Fidan, bu hususta Cumhurbaşkanı Erdoğan'ın vizyonunun da son derece net olduğunu vurgulayarak, şunlar kaydetti: "Filistin meselesinde ve diğer meselelerde, elimizi taşın altına sokmaktan çekinmiyoruz. Türkiye olarak, Filistin meselesinde yükü sadece Arap kardeşlerimize bırakamayız. Bu mesele, bütün İslam dünyasının ortak problemidir. Bu hepimizin ortak yarası. Bu sorunu hep beraber sırtlanmamız gerekiyor. Bunun sorumluluğunu sadece birkaç kardeşimize, birkaç Arap ülkesine bırakmak doğru olmaz. Tam tersine bu Arap kardeşlerimize büyük haksızlık olur. Amerika'nın ve Batı gibi kilit ülkelerin kayıtsız şartsız destek verdiği İsrail karşısında, bu meselede onları yalnız bırakamayız. Bu bilinçten hareketle biz, bütün fedakarlığımızla, bütün iyi niyetimizle, sorunu beraberce üstlenmeye ve gerekli yardımı yapmaya hazır olduğumuzu ifade ettik. Bu konuda Suudi Arabistan'la aramızda fikir birliği mevcut."
Fidan, ortak savunma, teknoloji alanlarında bilimsel araştırma ortaklıkları ve ittifakların kurulmasıyla ilgili bölgede yeni ittifaklar olup olmayacağın ilişkin soruya "Elbette görebiliriz. Mevcut olan dostluklarımızı, çeşitli alanlarda somut işbirliğine ve somut mekanizmalara dönüştürme vakti geldi. Bu hep konuştuğumuz bir konu. Arap ülkeleri, İslam ülkeleri birbirleriyle son derece iyi kardeşler. Bu ülkelerin yetkilileri bir araya geldikleri zaman, birbirini son derece iyi ağırlıyorlar, birbirlerine son derece güzel sözler söylüyorlar.
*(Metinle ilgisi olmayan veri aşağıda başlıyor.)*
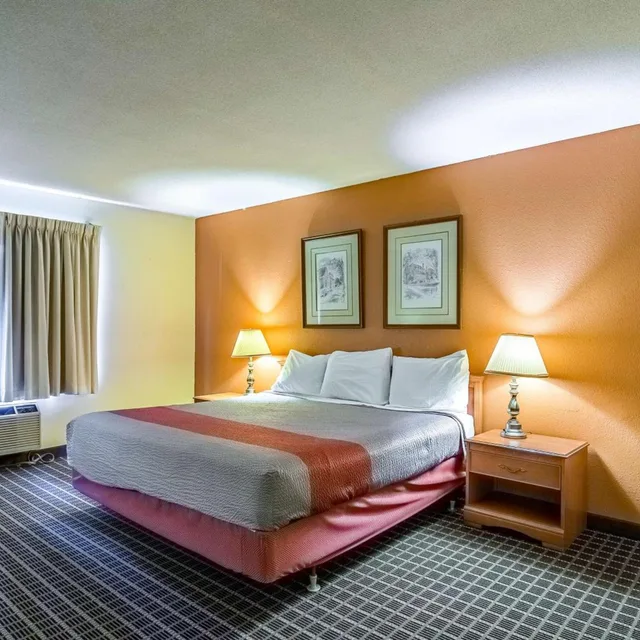 1 King Bed - Accessible, Nsmk, Micfridge، Motel6 Grand Rapids, MI - Northeast 1/10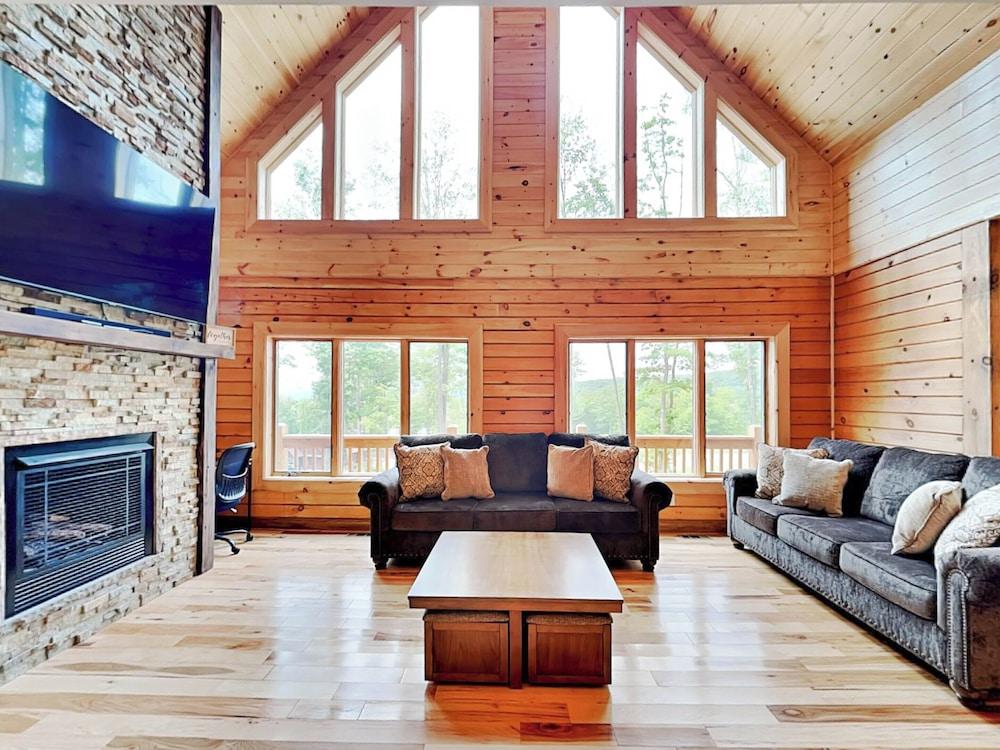 Fortune Mountain Retreat by Taylor Made Deep Creek
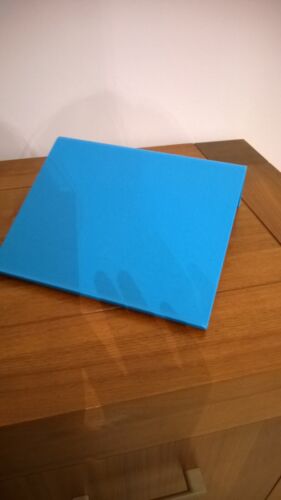 Lap Top – Tablet stand in blue from IKEA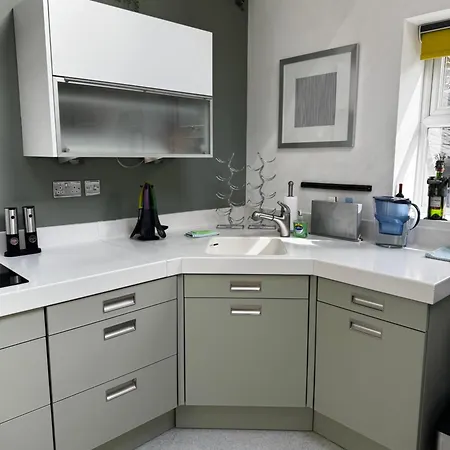 Courtyard Mews - 2 Large En Bedrooms, Garden - 아파트 해러게이트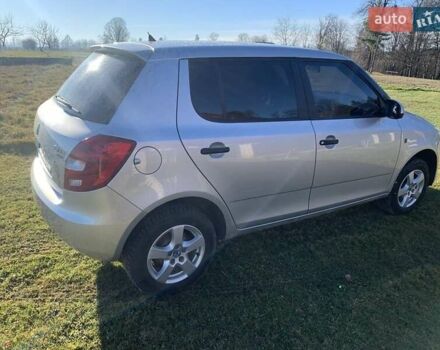 Серый Шкода Фабия, объемом двигателя 1.2 л и пробегом 154 тыс. км за 4299 $, фото 3 на Automoto.ua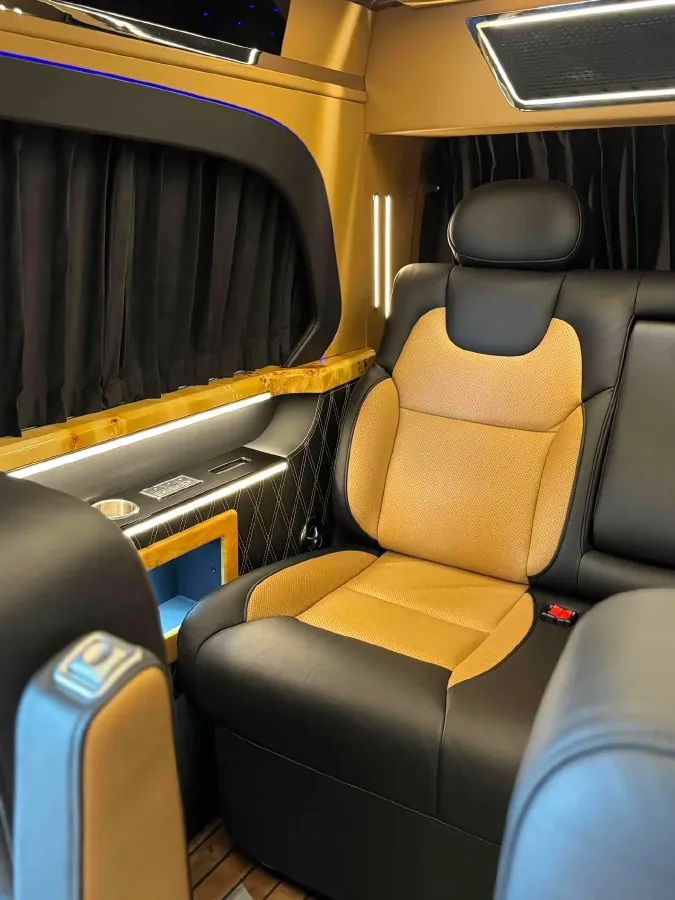 2019 Volkswagen Multivan 2.0T 204HP L4 7DCT,autocango,china used car exporter,china ev exporter,chinese used car exporter,chinese used ev exporter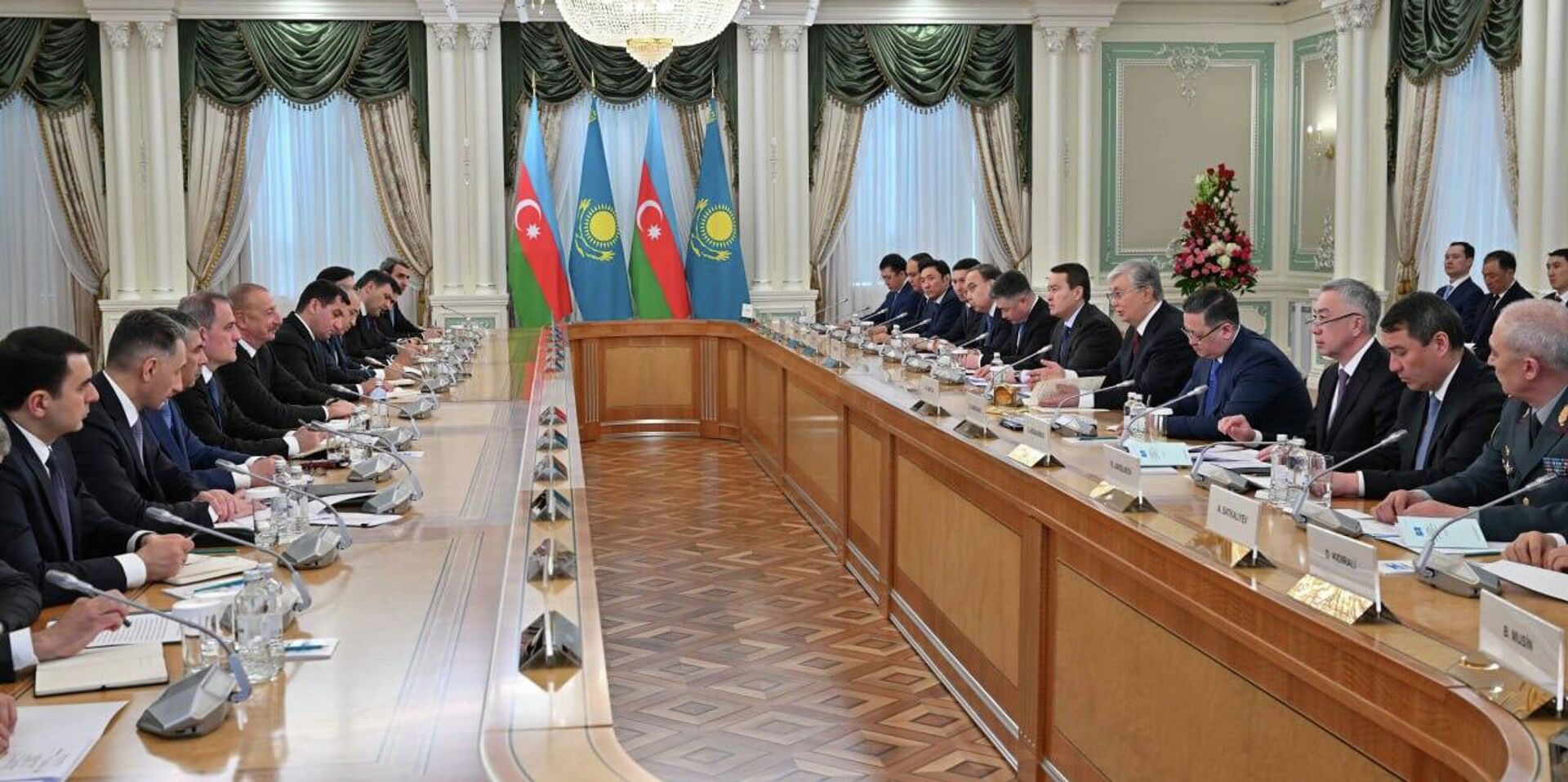 Президенты Казахстана и Азербайджана провели переговоры в расширенном составе - Sputnik Казахстан, 1920, 10.04.2023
Ama gerçek hayattaki sorunlarla ilgilenmek için kurumsal ilişki geliştirmek ve işbirliği platformları geliştirmek konularında biraz yetersizliğimiz var. Bu eksikliği gören liderlerimiz, özellikle ekonomik alanda, finans alanında, savunma alanında, enerji alanında; eğitim, öğretim, sağlık, teknoloji dahil farklı alanlarda çeşitli işbirliği mekanizmaları artık kurma konusunda karar almış durumdalar." yanıtını verdi.